370 000 euros, c’est ce que toucherait chaque Français, si les transmissions annuelles étaient redistribuées une fois aux plus de 18 ans. Mais dans l’état actuel de la fiscalité, la succession est plutôt vectrice d’inégalités.

Éco-mots

Succession

Si la succession correspond à la transmission du patrimoine laissé par une personne décédée à une personne vivante, elle peut aussi se préparer en amont via des dons ponctuels ou réguliers, et des legs.

L’héritage français s’est élevé à 280 milliards en 2019, soit 19 % du revenu disponible net des ménages, contre 8,5 % (60 milliards) en 1980. Cette explosion s’explique par le décès des baby boomers et d'autres facteurs économiques (appréciation de la valeur des actifs immobiliers et boursiers). Mais les franges de la population les plus privilégiées en profitent.

L’impôt sur les successions aujourd’hui

40 % des Français n’héritent pas. Une minorité (10 %) concentre la moitié (52 %) des richesses transmises. Entre ces deux catégories, 83 % des successions sont exonérées d’impôt.
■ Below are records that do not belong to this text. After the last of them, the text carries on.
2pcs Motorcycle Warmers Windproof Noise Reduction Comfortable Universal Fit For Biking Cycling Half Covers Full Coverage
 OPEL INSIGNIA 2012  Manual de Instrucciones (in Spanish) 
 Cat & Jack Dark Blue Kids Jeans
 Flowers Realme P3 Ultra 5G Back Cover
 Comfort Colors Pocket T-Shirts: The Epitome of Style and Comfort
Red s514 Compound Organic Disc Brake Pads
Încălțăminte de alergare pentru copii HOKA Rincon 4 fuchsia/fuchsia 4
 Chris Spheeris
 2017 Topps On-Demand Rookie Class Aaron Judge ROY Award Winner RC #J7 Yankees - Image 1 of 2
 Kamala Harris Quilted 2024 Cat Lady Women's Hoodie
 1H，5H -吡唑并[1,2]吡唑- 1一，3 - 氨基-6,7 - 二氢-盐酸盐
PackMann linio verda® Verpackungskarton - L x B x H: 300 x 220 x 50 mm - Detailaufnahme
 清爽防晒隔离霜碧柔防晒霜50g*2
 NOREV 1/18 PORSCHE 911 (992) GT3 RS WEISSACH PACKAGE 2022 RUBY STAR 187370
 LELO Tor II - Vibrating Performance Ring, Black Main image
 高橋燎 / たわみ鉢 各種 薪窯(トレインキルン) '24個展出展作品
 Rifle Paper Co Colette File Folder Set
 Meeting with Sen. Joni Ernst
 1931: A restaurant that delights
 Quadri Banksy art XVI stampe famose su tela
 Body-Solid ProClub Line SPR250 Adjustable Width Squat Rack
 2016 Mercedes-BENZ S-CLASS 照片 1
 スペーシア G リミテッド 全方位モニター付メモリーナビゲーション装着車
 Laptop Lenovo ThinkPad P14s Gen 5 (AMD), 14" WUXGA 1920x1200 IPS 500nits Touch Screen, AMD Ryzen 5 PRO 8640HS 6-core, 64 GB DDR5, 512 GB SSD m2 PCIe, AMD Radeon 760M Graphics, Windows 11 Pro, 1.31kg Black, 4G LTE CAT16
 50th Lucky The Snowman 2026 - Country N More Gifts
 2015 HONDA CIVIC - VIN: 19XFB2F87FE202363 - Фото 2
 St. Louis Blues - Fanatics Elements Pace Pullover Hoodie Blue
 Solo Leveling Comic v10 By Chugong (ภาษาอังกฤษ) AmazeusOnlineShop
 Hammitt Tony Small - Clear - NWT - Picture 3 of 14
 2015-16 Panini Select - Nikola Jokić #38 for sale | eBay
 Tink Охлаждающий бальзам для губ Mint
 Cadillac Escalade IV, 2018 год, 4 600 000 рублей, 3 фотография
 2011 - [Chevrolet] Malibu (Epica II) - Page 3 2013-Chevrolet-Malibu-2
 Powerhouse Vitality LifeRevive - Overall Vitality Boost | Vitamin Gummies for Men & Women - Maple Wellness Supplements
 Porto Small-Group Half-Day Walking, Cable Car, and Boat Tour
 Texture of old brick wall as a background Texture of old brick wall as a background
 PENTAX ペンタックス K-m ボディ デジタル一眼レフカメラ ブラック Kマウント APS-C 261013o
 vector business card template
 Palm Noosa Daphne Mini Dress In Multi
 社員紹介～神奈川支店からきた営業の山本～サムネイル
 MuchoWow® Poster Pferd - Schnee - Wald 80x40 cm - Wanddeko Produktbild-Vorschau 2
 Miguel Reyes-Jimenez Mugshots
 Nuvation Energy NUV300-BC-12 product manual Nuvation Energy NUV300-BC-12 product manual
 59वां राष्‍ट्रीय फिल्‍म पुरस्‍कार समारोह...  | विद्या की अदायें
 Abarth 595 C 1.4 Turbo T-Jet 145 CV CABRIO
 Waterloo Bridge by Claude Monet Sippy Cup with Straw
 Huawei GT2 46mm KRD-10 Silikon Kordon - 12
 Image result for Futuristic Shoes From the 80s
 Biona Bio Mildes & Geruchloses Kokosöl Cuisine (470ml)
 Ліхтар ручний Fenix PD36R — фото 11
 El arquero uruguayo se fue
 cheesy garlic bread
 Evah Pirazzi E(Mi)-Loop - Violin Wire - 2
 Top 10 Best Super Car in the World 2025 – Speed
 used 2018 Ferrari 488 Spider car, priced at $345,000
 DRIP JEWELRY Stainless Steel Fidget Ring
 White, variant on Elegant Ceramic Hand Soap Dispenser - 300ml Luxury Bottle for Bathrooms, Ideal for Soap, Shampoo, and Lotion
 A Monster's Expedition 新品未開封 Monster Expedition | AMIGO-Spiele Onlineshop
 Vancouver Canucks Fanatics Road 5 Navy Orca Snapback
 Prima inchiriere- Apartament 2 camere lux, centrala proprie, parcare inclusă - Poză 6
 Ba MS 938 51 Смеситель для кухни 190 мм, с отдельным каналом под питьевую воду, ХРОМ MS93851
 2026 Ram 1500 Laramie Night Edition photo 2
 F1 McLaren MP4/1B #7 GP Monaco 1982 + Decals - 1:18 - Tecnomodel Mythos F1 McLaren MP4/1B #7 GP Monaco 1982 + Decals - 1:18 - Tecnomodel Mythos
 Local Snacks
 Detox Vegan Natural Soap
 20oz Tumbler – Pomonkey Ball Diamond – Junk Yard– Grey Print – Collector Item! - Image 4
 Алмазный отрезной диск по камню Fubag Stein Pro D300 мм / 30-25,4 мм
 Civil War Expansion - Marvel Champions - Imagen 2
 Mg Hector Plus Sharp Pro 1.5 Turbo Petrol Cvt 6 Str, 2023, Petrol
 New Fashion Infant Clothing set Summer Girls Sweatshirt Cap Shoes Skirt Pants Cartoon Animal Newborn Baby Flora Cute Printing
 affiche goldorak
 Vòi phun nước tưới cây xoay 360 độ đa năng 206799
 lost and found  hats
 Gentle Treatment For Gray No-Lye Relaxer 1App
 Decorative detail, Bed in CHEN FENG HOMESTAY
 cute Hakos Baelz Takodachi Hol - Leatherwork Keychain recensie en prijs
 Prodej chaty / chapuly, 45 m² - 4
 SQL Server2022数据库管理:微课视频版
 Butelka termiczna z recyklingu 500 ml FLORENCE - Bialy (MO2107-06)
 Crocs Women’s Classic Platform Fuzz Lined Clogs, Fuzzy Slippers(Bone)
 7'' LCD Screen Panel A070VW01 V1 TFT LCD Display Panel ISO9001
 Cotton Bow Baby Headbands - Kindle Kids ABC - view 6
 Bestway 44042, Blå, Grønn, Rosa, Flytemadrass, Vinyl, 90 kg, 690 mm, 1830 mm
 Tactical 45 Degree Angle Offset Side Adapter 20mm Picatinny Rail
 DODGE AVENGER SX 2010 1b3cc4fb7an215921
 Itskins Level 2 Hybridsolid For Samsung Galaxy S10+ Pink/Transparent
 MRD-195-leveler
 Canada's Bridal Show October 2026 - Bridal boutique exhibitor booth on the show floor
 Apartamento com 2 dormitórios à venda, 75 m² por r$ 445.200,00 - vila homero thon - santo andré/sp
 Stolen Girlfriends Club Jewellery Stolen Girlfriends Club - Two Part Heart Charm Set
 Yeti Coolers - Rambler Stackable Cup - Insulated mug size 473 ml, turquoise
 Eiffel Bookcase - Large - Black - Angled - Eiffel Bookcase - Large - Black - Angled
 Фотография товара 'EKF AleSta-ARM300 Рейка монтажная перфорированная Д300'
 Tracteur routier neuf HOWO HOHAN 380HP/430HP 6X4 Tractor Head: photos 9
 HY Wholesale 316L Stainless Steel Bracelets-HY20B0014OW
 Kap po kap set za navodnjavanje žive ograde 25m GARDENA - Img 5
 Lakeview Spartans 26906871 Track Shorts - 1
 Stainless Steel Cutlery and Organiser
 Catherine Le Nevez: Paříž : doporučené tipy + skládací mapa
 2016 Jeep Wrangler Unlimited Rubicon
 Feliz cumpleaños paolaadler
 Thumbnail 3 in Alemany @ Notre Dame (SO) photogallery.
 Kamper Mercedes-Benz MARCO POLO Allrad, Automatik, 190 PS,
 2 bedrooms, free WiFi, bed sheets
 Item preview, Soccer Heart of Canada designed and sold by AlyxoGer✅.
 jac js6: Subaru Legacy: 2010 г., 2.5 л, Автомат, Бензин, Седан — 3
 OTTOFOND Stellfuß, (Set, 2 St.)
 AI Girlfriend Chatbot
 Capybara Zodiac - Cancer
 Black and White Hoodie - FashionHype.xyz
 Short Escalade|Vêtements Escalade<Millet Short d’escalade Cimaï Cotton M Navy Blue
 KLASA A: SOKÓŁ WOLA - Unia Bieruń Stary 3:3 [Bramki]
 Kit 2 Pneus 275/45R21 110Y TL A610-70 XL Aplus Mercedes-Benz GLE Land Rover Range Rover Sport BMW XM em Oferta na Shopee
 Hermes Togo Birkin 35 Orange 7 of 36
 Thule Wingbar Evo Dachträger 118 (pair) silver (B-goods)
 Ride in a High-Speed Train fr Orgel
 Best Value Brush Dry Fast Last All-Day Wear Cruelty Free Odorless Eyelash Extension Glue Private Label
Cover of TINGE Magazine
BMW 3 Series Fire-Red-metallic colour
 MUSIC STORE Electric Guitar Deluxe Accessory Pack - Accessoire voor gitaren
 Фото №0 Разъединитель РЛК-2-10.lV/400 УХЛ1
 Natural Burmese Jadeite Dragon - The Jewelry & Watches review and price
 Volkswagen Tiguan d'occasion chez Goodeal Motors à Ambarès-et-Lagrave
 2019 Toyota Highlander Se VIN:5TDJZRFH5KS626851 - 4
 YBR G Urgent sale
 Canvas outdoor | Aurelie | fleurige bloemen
Pour calculer les droits, l’administration prend en compte les donations du défunt reçues par l’héritier sur les quinze dernières années. La fiscalité actuelle est progressive.

Elle vise à limiter les inégalités en faisant payer un taux plus important pour des montants taxables plus élevés. Les taxes peuvent atteindre 45 % à 60 % de la transmission.

Mais il existe de nombreux dispositifs d’exonération. La transmission d’assurances-vie par exemple est exonérée jusqu’à 152 500 euros. Ce manque à gagner, couplé à l’exonération de la transmission d’entreprises, prive l’État de 2 à 2,5 milliards d’euros (20 % des recettes fiscales liées à la transmission).

Ces chiffres mettent en lumière une réalité : le descendant d’une famille française pauvre doit attendre six générations pour atteindre le revenu moyen, une génération de plus que la moyenne des pays riches de l’Organisation de coopération et de développement économiques (OCDE).

Éco-mots

Mobilité sociale

Désigne la circulation des individus entre différentes positions de la hiérarchie sociale. S’il s’agit d’une société de castes, il n’y a pratiquement pas de mobilité sociale, chaque individu est assigné à une place définie, à sa naissance, par le groupe social de ses parents. S’il s’agit au contraire d’une société ouverte, le destin d’un individu n’est pas lié à son groupe social d’appartenance. Dès lors, la mobilité sociale est intimement liée à la question de l’égalité des chances et de la démocratisation du système scolaire.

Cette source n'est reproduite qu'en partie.